• WORK INSTRUCTION
Pictures stay out of the output. Return exactly the lines below from the one with "Antique Bronze Patina" down to the one with "Sedia Da Pranzo", both included, and nothing more.

• SUPPLIED ENTRIES
▼▼▼

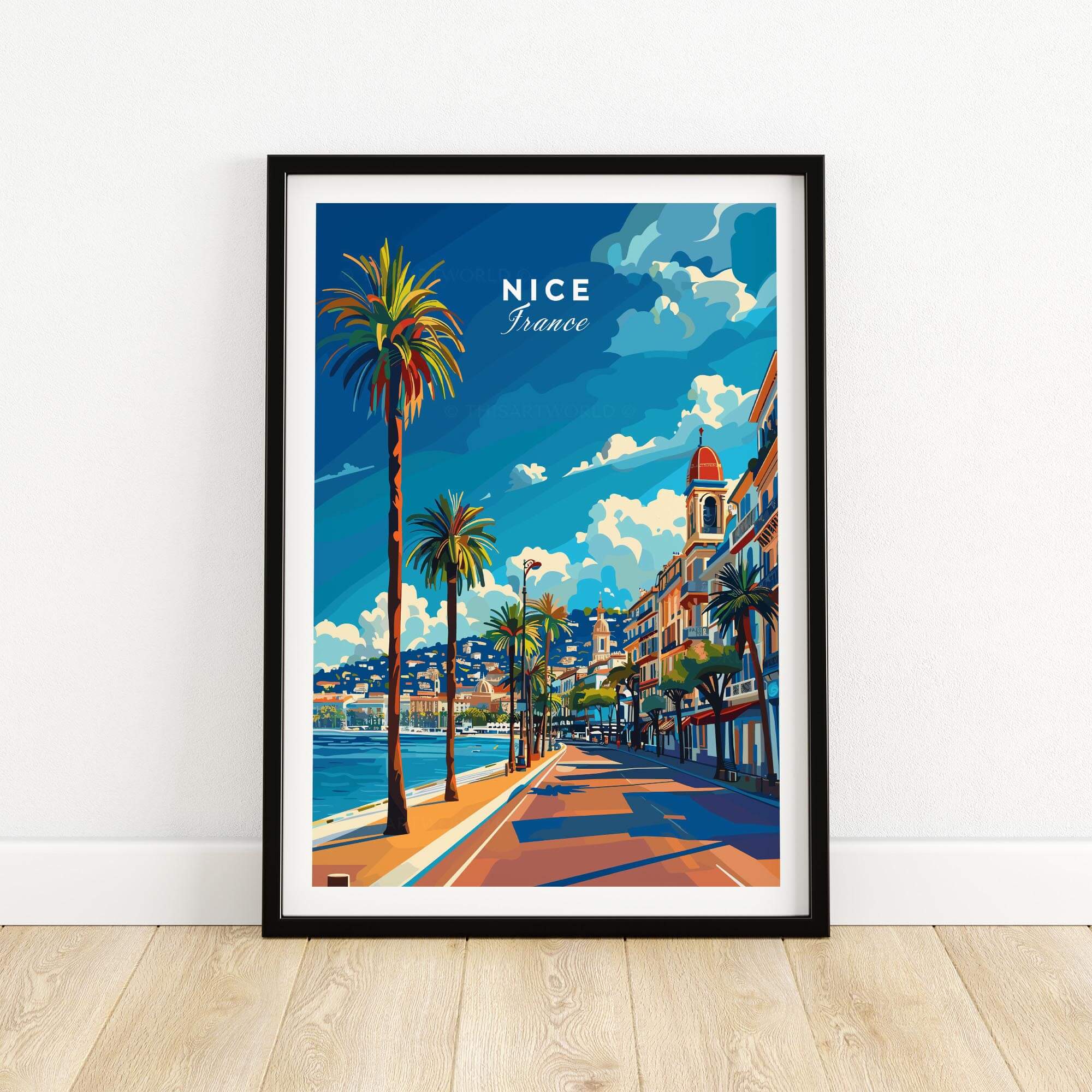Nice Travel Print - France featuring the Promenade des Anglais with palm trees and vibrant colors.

▲▲▲
▼▼▼

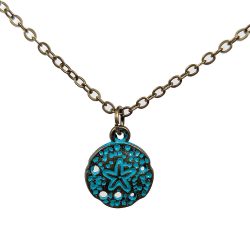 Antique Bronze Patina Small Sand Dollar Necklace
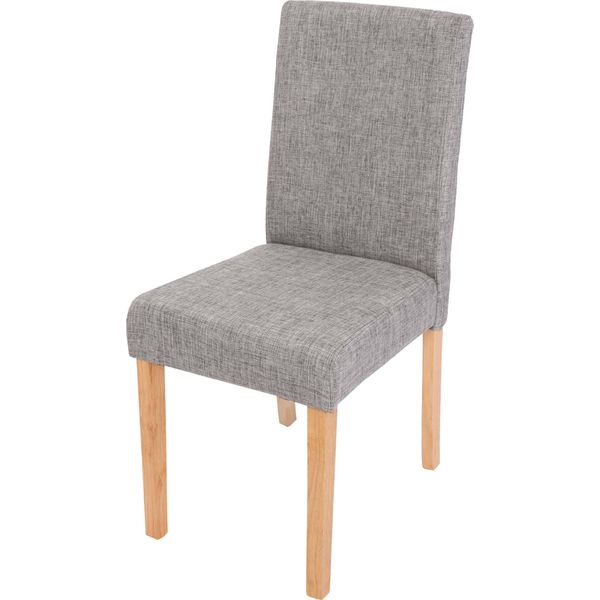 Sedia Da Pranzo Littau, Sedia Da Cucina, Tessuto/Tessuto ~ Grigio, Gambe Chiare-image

▲▲▲

• RESPONSE AREA
 Antique Bronze Patina Small Sand Dollar Necklace
 Sedia Da Pranzo Littau, Sedia Da Cucina, Tessuto/Tessuto ~ Grigio, Gambe Chiare-image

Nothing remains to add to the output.